## [The data]
▶

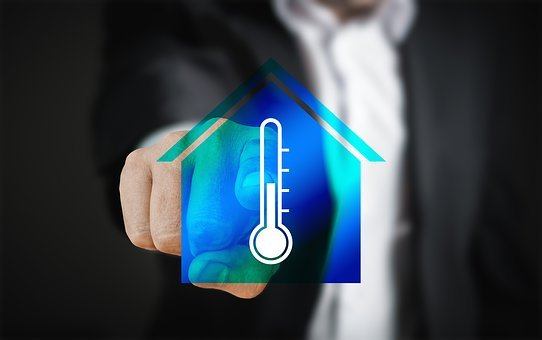 a man pointing to a temperature icon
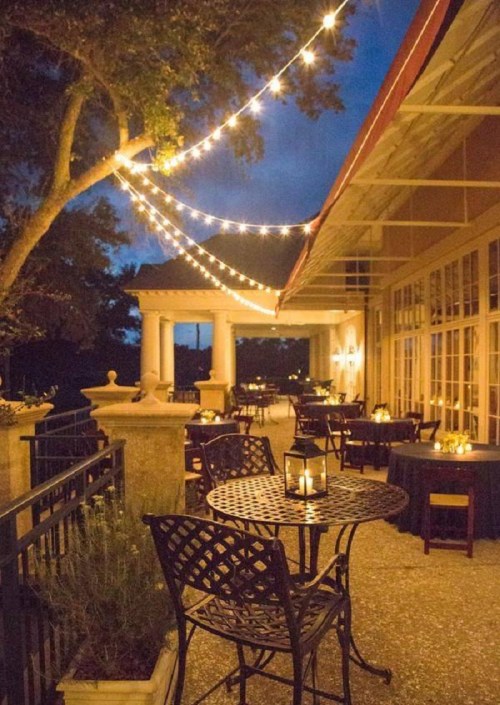Cozy outdoor dining area with string lights, tables, and candles, set against a twilight sky.
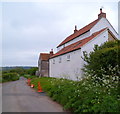 Ingst Road passes Walnut Tree Cottage near Elberton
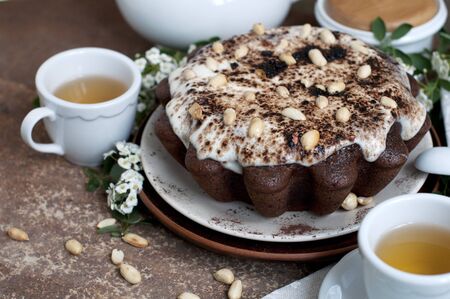 Chocolate cake with peanuts on table with tea and flowersの写真素材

◀

## [Directions for this task]
Please retype the whole listing above word for word and drop the pictures.

## [Task answer]
 a man pointing to a temperature icon
Cozy outdoor dining area with string lights, tables, and candles, set against a twilight sky.
 Ingst Road passes Walnut Tree Cottage near Elberton
 Chocolate cake with peanuts on table with tea and flowersの写真素材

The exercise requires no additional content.